Some lines in the entries contain the word "Yaris". Copy all of them.

■ DATA PROVIDED
★ ★ ★ ★ ★
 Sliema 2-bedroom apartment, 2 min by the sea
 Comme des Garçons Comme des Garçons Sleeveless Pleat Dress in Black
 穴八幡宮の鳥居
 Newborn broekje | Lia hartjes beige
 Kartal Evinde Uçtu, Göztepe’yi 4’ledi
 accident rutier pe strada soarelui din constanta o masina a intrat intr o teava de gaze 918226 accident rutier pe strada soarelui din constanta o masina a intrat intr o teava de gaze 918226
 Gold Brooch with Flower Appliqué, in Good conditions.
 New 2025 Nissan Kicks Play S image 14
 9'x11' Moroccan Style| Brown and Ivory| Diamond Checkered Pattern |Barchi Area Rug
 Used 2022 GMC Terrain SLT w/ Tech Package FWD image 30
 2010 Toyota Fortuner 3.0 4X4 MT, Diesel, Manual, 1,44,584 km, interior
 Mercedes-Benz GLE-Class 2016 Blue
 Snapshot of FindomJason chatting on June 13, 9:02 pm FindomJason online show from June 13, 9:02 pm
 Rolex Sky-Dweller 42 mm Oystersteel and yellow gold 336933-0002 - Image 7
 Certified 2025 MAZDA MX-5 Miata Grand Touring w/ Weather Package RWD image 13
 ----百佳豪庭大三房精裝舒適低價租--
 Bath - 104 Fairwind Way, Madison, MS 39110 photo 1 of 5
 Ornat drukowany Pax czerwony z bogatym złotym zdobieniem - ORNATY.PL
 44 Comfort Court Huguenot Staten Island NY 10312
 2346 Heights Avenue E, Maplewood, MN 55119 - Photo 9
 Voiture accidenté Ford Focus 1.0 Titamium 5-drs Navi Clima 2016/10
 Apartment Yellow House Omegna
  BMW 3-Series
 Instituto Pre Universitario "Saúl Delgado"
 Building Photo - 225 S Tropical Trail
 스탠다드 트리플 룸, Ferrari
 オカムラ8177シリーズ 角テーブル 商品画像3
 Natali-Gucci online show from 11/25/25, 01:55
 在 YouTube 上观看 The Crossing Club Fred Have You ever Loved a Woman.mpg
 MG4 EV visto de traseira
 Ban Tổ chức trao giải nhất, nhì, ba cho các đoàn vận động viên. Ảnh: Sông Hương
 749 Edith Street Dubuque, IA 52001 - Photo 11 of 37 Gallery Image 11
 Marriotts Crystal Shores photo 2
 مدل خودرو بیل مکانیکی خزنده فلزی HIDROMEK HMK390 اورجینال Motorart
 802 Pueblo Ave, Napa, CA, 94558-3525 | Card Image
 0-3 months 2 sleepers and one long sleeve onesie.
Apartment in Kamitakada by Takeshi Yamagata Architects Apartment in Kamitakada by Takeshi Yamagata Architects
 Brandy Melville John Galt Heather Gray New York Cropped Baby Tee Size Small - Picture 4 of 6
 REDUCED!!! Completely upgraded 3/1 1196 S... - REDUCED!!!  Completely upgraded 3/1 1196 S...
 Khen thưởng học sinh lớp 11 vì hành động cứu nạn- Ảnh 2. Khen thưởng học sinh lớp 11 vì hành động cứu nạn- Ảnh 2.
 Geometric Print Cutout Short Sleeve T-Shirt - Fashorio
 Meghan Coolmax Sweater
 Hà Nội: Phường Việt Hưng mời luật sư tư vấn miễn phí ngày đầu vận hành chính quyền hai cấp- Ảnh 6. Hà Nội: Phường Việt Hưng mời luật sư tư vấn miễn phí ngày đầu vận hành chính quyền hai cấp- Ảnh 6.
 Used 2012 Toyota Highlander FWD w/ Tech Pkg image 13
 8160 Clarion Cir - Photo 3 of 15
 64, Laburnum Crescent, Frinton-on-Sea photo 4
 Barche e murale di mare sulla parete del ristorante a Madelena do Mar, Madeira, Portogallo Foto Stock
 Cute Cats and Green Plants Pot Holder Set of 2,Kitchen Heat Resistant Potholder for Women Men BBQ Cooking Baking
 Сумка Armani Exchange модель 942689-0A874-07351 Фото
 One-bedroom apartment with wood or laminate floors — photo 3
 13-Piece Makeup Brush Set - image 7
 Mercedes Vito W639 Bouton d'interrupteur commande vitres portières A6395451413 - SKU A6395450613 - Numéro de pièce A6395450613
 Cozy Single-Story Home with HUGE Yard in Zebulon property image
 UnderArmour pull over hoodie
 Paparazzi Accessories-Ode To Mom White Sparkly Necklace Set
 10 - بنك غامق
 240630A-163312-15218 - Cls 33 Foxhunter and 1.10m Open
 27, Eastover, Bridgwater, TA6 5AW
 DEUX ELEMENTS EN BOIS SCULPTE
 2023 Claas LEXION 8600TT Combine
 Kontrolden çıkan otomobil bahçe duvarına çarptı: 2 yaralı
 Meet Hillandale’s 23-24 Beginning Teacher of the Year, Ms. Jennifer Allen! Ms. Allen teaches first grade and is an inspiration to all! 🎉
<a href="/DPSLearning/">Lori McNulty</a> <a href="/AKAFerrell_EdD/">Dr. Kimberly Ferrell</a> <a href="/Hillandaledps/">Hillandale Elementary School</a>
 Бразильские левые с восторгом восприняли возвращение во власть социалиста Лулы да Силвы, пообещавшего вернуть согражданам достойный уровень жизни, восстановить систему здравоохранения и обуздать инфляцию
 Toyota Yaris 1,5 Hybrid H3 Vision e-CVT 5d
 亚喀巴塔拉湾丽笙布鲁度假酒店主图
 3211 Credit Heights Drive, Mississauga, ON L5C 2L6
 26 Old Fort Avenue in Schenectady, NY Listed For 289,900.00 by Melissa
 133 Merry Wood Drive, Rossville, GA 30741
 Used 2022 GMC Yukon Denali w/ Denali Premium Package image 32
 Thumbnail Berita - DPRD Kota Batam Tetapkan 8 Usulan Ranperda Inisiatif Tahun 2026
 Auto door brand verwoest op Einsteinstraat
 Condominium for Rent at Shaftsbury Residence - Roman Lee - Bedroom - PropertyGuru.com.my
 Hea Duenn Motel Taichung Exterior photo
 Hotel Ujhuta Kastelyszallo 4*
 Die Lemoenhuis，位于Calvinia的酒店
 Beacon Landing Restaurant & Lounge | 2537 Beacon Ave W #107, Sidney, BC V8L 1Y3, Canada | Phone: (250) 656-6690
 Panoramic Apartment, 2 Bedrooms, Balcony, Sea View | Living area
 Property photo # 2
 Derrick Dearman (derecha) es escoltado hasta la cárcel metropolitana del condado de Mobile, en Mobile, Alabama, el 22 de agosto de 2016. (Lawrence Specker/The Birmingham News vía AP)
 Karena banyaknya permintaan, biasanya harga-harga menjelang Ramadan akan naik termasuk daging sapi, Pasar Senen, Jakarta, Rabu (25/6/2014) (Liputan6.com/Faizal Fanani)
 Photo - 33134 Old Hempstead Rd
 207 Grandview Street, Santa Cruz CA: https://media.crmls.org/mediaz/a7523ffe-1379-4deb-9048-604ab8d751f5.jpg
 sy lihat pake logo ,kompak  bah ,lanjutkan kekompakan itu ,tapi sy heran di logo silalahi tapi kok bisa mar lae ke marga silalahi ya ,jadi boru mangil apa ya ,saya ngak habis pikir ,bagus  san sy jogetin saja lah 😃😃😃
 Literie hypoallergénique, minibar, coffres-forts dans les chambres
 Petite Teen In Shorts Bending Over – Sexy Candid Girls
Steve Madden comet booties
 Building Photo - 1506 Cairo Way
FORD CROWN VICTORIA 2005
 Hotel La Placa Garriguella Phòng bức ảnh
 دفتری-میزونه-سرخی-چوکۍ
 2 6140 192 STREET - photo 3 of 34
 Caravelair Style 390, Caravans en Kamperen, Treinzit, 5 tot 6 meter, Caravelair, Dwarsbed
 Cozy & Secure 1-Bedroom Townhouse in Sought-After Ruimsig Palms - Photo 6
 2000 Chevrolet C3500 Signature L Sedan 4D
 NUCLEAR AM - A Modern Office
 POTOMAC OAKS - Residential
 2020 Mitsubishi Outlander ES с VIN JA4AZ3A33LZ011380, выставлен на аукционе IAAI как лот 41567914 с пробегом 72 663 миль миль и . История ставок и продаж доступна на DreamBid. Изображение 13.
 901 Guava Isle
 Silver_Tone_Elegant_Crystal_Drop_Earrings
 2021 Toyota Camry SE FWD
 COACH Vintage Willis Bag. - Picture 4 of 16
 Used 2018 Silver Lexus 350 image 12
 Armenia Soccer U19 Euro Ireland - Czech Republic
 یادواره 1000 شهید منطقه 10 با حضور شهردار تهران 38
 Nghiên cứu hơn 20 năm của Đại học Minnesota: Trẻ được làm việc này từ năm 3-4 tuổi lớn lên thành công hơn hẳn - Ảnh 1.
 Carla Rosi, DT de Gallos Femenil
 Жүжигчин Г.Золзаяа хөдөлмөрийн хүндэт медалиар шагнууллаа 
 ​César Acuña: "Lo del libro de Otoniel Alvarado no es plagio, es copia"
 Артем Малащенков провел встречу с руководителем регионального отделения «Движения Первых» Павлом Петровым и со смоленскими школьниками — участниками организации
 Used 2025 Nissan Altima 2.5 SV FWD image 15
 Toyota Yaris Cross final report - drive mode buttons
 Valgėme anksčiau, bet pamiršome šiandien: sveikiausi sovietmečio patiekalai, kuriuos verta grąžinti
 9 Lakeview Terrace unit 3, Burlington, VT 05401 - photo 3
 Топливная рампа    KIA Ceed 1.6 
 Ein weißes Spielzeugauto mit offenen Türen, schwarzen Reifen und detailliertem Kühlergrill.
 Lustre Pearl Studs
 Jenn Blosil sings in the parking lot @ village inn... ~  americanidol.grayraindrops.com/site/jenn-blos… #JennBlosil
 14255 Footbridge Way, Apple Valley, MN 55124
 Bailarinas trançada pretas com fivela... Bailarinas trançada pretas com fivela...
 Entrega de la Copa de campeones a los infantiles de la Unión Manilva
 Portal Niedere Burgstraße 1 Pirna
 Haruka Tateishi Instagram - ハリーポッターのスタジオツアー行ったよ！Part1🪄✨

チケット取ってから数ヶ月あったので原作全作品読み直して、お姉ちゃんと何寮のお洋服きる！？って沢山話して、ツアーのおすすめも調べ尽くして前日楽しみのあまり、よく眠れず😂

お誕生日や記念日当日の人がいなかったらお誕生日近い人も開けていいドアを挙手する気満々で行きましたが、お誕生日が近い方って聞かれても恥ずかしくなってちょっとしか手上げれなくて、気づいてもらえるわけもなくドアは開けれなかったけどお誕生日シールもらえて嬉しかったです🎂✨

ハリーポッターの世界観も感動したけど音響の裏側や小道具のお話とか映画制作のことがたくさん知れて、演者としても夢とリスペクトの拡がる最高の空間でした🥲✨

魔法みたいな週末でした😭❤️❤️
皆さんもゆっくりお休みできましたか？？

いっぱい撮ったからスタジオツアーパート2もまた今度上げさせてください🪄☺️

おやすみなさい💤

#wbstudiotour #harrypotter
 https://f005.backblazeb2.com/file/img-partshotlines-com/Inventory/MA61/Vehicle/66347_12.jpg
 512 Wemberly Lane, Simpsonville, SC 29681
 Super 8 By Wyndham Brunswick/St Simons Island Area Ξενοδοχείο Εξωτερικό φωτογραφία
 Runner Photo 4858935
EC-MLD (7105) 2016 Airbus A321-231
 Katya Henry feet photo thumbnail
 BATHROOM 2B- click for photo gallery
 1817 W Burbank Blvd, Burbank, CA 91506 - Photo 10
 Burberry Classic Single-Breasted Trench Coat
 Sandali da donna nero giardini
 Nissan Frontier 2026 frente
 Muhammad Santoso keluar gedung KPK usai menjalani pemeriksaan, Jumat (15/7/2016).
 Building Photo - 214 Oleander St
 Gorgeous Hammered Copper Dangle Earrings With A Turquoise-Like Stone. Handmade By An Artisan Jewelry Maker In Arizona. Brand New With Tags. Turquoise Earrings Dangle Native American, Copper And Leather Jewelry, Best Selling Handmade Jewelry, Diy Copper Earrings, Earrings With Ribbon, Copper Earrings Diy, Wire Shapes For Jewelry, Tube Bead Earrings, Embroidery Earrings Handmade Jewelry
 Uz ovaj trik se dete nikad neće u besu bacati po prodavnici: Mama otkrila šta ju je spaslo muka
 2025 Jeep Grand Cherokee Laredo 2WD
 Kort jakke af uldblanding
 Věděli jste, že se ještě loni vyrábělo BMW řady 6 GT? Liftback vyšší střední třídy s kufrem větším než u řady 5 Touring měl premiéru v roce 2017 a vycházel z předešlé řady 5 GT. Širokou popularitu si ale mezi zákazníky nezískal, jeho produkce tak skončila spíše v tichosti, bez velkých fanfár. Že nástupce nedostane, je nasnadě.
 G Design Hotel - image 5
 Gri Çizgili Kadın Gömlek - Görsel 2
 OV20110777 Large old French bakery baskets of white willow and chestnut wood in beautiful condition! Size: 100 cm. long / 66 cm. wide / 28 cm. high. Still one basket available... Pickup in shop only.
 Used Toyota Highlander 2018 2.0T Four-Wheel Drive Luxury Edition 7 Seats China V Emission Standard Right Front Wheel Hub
★ ★ ★ ★ ★
■ ANSWER AREA
 Toyota Yaris 1,5 Hybrid H3 Vision e-CVT 5d
 Toyota Yaris Cross final report - drive mode buttons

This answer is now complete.